After an all-nighter at La Rinconada, the government and the opposition (minus VP) have set up a wide-ranging, Vatican-mediated dialogue effort to try work through the crisis.

A tense series of handshakes were the preamble to a marathon session that yielded a complex, four-front approach to negotiations: with the Vatican leading one table, and each of the three former Presidents (Zapatero, Torrijos and Fernandez) leading the other three.

Naky has all the details.

In his messaging, Chúo Torrealba is stressing the election of a new National Elections Council board.

For opposition supporters, this raises all kinds of longstanding, deeply entrenched fears about getting played again. Because we’ve seen this too many times: the government only seems to want to talk to us when it’s against the ropes, playing for time, looking for ways to demobilize opposition protests.

Nobody is more aware of this dynamic than MUD, which have been on the receiving end of this kind of tactic. This, of course, is why MUD insisted on — and obtained — a credible mediator, in the form of the pope’s personal envoy.

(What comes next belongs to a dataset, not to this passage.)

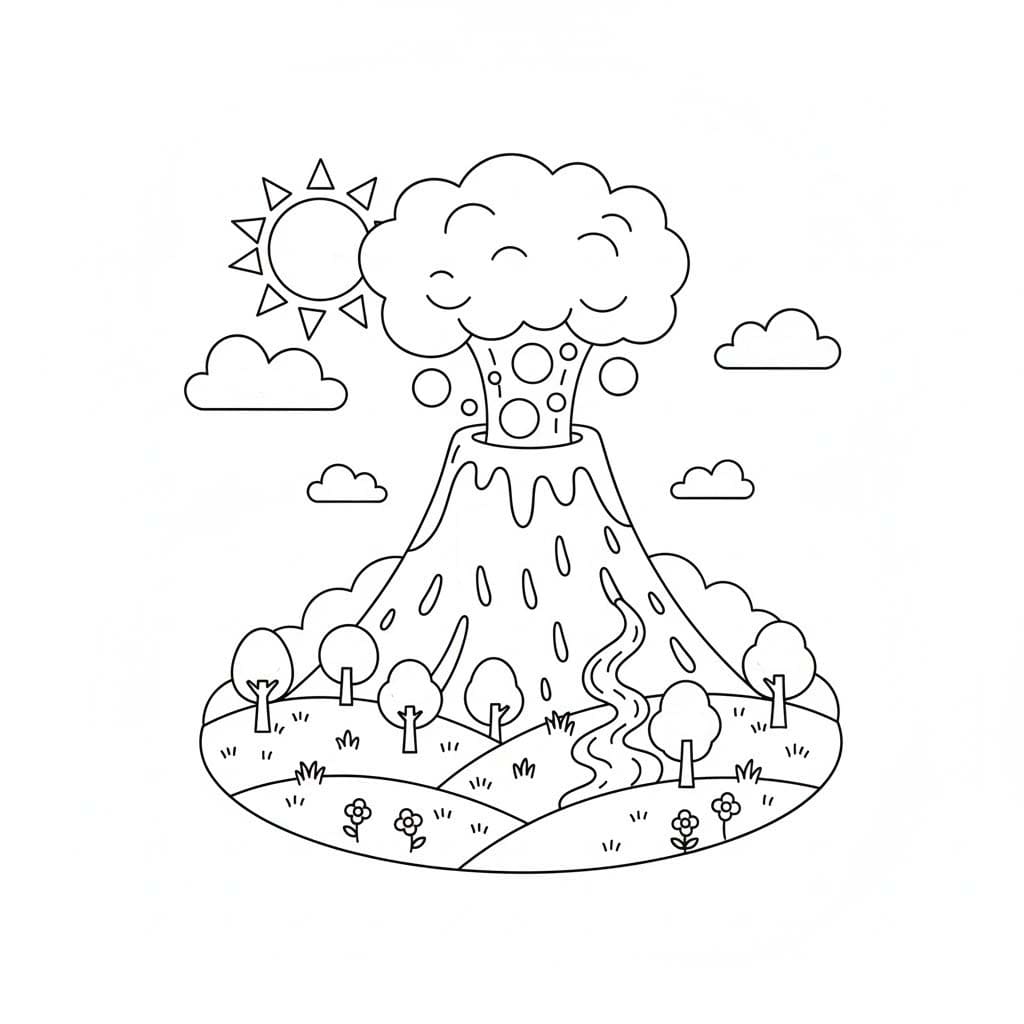 Kolorowanka Wulkan 3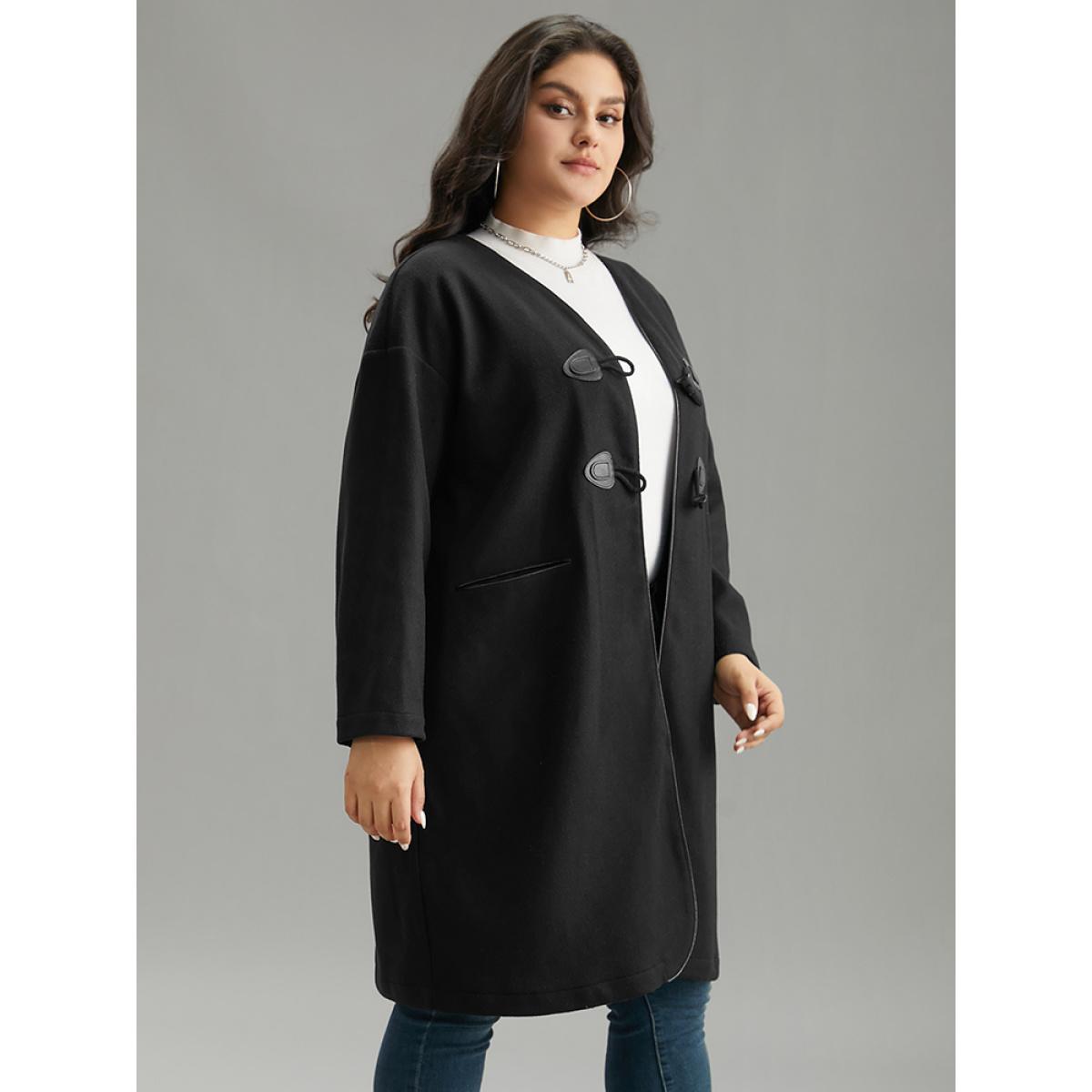 Plus Size Plain Duffle Button Pocket Coat Women Black Casual Plain Ladies Dailywear Winter Coats BloomChic 12/L Product Image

In his messaging, Chúo Torrealba is stressing the election of a new National Elections Council board. The thinking seems to be that there’s a real threat that you’ll just never have another fair election again without it. But of course, all the old demands are on the table too: freeing political prisoners, allowing the Legislature to legislate, moving towards early elections, etc.

What’s underlying all this? I think, basically, it’s that Chúo and MUD’s other moderates agree with Rodrigo that you can’t improvise non-violent resistance, and in current circumstances, radical street action would surely turn violent. On his RCR show this morning, Chúo argued that there’s nothing the government would like more than a violent confrontation on the streets, because violence is the only domain where they’re clearly superior to us.

For one thing, Perú’s call the Interamerican Democratic Charter to be activated is now surely a non-starter.

Where does this leave the escalating agenda MUD promised just a few days ago? I have no idea. Chúo can repeat that “dialogue is jut one more arena for our struggle” until he’s green in the face, he can keep saying that the street agenda will run parallel to dialogue from now to kingdom come, and it won’t make it true.

For one thing, Perú’s call the Interamerican Democratic Charter to be activated is now surely a non-starter. Talk of “political trials” and abandono del cargo is thin on the ground as well. The crisis is volatile as ever, but MUD’s seeming inability to stick to one course of action for more than a day or two is…not doing much for our confidence.